### Task brief
For the entries below, return the line holding "Ocean Spirulina Asli" together with all lines after it, unchanged, and leave every picture out.

───── Input material

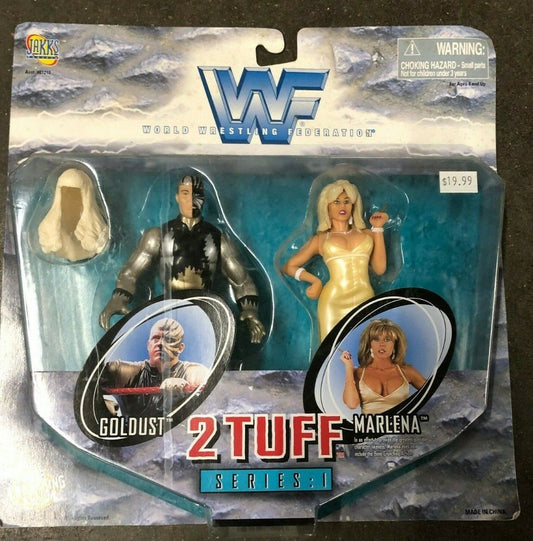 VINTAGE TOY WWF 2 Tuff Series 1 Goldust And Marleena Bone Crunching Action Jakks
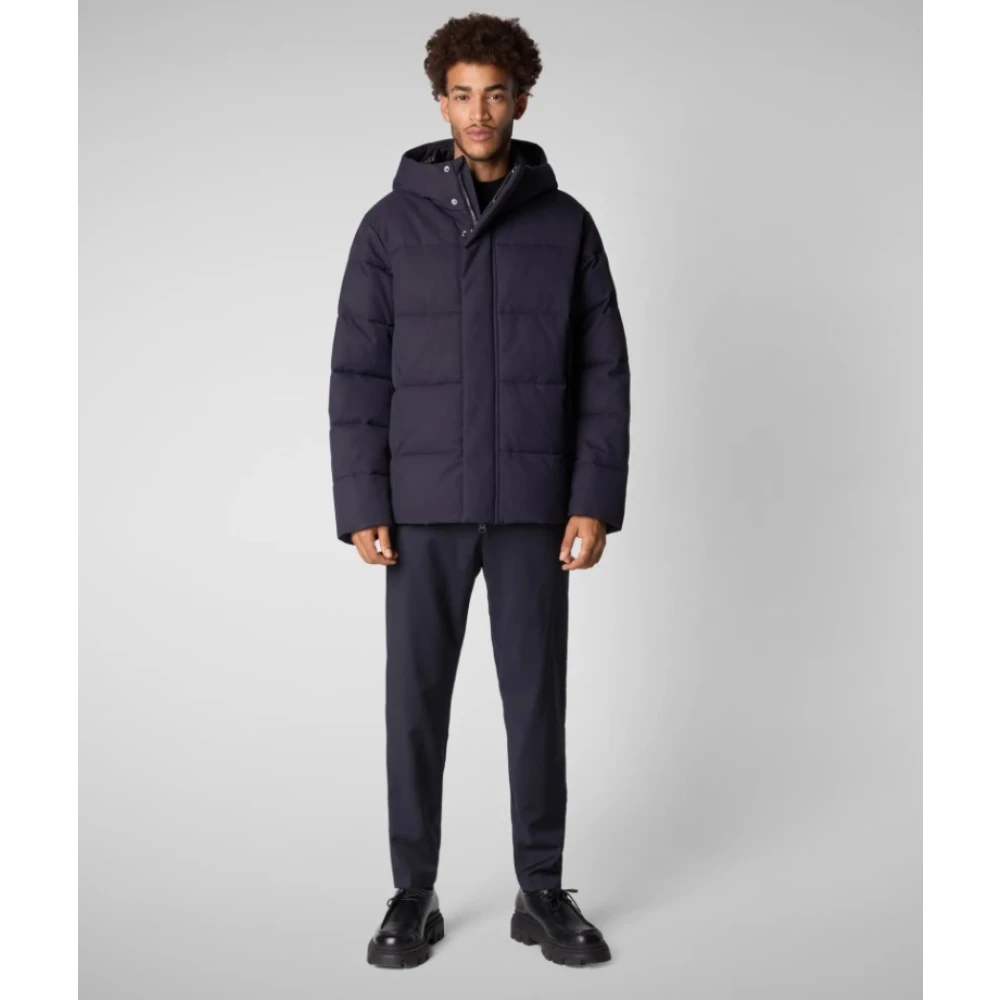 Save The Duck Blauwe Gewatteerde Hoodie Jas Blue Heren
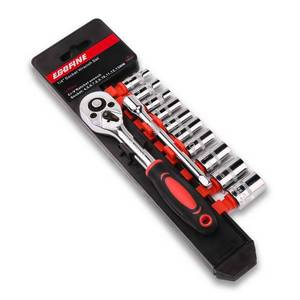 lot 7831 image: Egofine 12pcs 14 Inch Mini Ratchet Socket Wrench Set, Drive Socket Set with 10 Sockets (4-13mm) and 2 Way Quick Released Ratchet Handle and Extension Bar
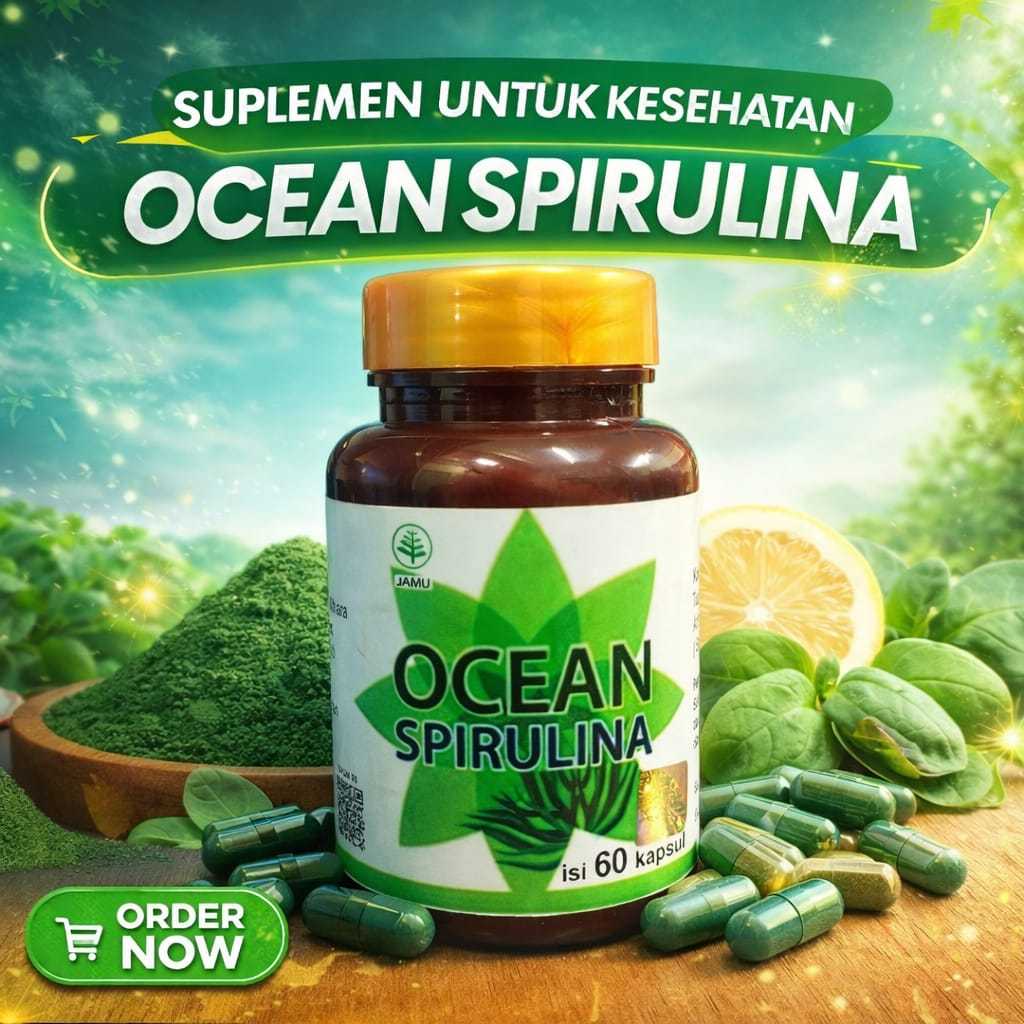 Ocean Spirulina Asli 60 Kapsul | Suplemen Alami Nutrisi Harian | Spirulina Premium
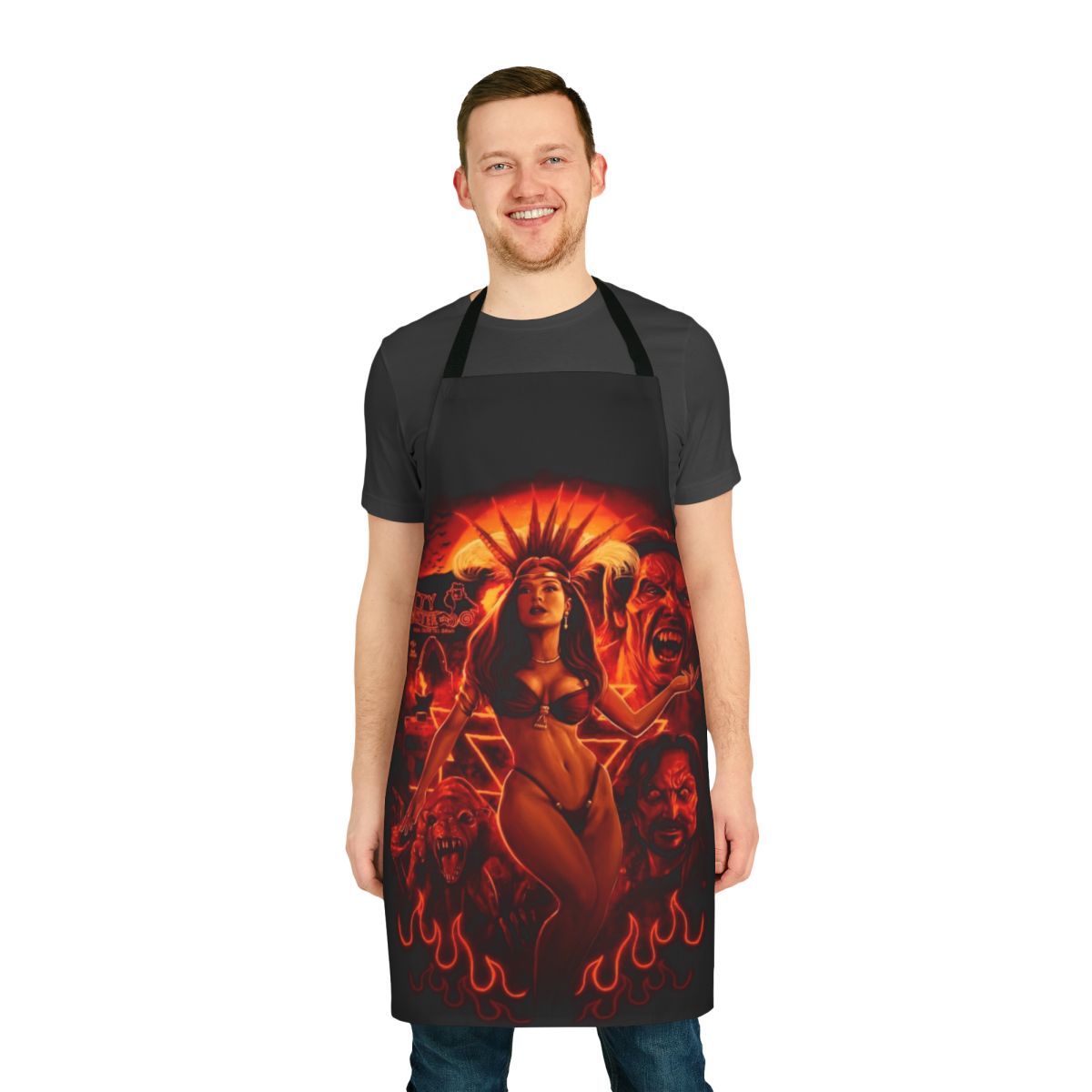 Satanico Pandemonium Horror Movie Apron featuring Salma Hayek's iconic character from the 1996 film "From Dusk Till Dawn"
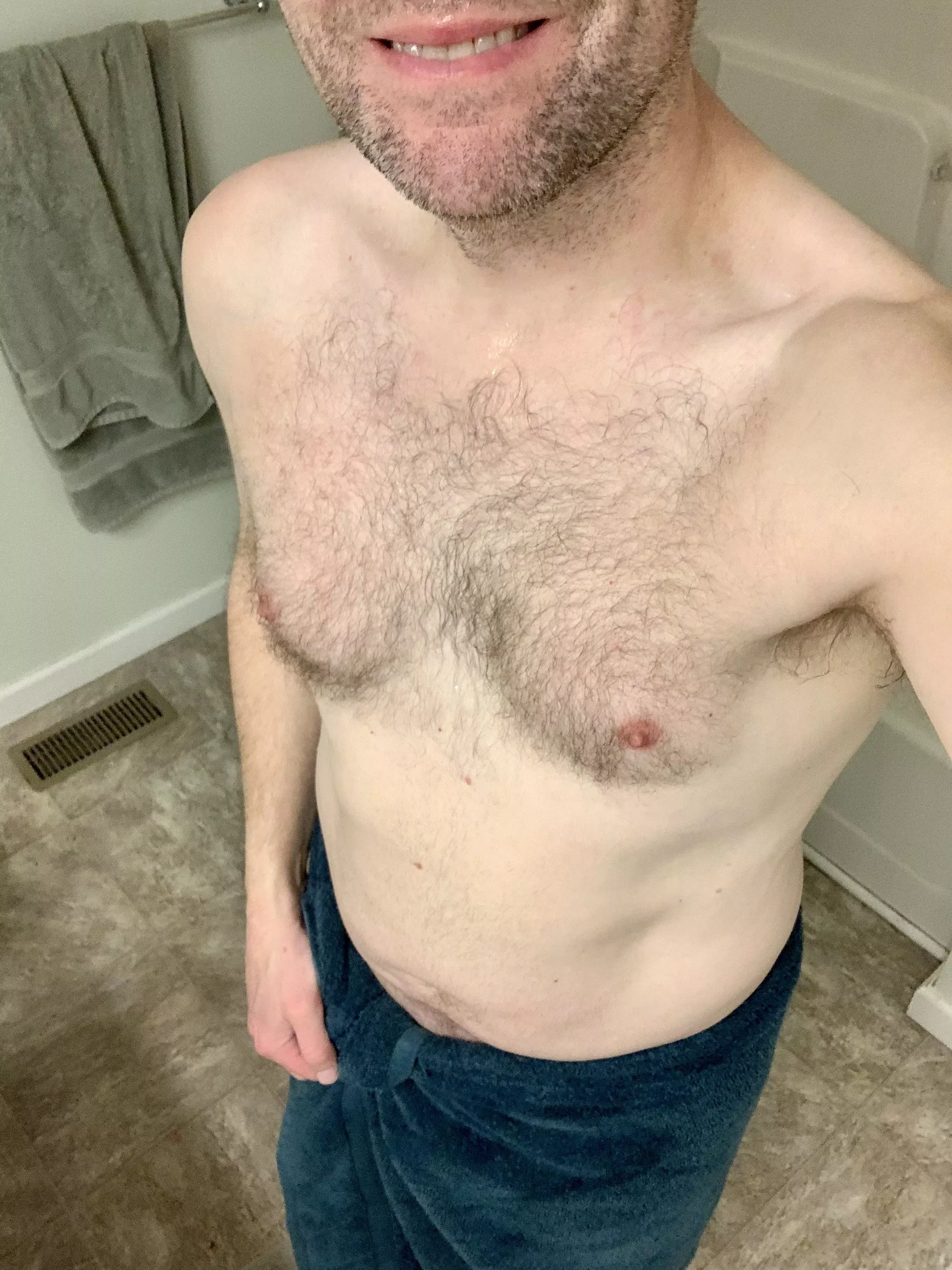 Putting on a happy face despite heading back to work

──────────

### Answer for this exercise
 Ocean Spirulina Asli 60 Kapsul | Suplemen Alami Nutrisi Harian | Spirulina Premium
 Satanico Pandemonium Horror Movie Apron featuring Salma Hayek's iconic character from the 1996 film "From Dusk Till Dawn"
 Putting on a happy face despite heading back to work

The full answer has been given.